#### Data extract

*** Begin section ***

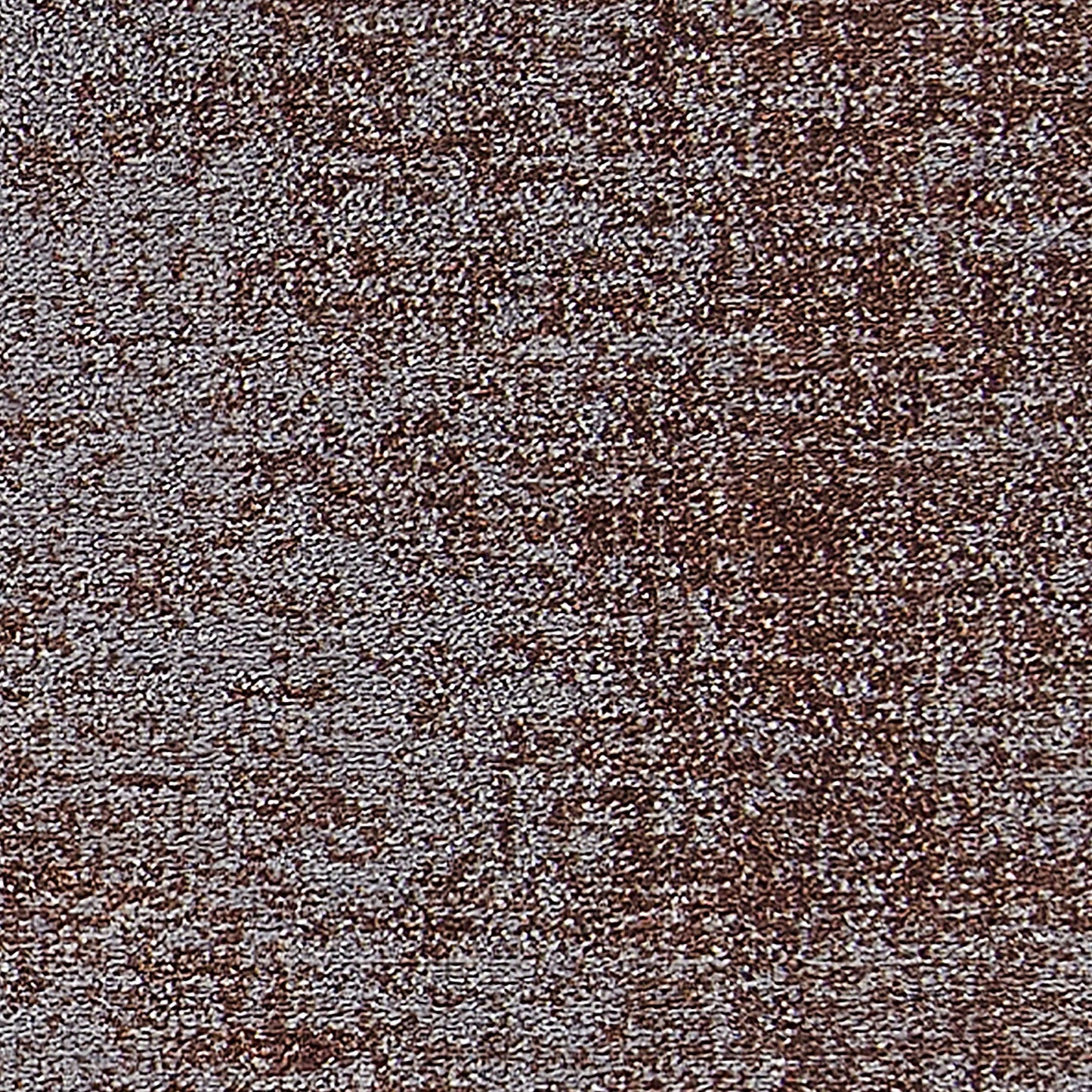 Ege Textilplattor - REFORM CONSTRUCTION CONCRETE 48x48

*** End section ***
*** Begin section ***

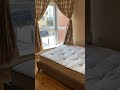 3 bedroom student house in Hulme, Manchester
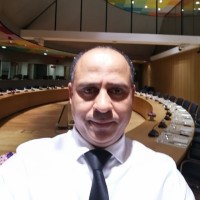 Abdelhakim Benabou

*** End section ***

#### Task instructions
Would you output the lines above from the line holding "3 bedroom student house in Hulme, Manchester" up to and including the line holding "Abdelhakim Benabou", exactly and only those, with no pictures?

#### Exercise solution
 3 bedroom student house in Hulme, Manchester
 Abdelhakim Benabou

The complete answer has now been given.